George Simons | July 27, 2022
Summary: Have you been sued by Crown Asset Management LLC? SoloSuit can help you respond and win in court. Here's how.
“I love getting sued by Crown Asset Management!” - said no one ever.
If you are enduring intimidating and harassing phone calls from a debt collection company like Crown Asset Management, you may be feeling anxious, stressed out, and overwhelmed with uncertainty about your financial future. SoloSuit understands how you feel and are here to help.
It is important to know that you have legal rights when contacted by a debt collection company like Crown Asset Management and there are certain affirmative defenses you could potentially raise that could help you prevail over Crown Asset Management in a debt collection lawsuit.
Crown Asset Management LLC's lawsuit should not be considered a lost battle. When a debt collection company like Crown Asset Management summons you, you have legal rights. This article will discuss those rights, how you should respond, and ways you can increase your chances of beating Crown Asset Management in court.
Let's jump right in.
Before we discuss how to beat Crown Asset Management, let's investigate the company itself first.
As a certified receivables company, "Crown Asset Management" is a business that buys debt. Since 2004, their business model has relied on buying people's debt from other companies to generate profits.
Imagine you owe money on a hospital bill you met. Instead of paying the hospital, you will pay Crown Asset Management once they have gained the debt. According to their website, they have gained over 500 debt portfolios. The debts include credit cards, consumer loans, lending, and court judgments.

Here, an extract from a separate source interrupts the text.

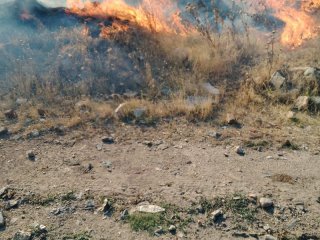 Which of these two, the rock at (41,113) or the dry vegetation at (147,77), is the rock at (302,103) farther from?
the rock at (41,113)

Crown Asset Management also outsources collections to various third parties, which means other debt collectors may shake you down on behalf of Crown Asset Management.
Crown Asset Management received a rating of 1 out of 5 stars on its BBB profile, and more than 40 complaints have been filed against the company in the past three years. Most of these complaints involve violations of the FDCPA. Crown Asset Management, LLC is known for using abusive tactics and harassment to get people to pay off their debts.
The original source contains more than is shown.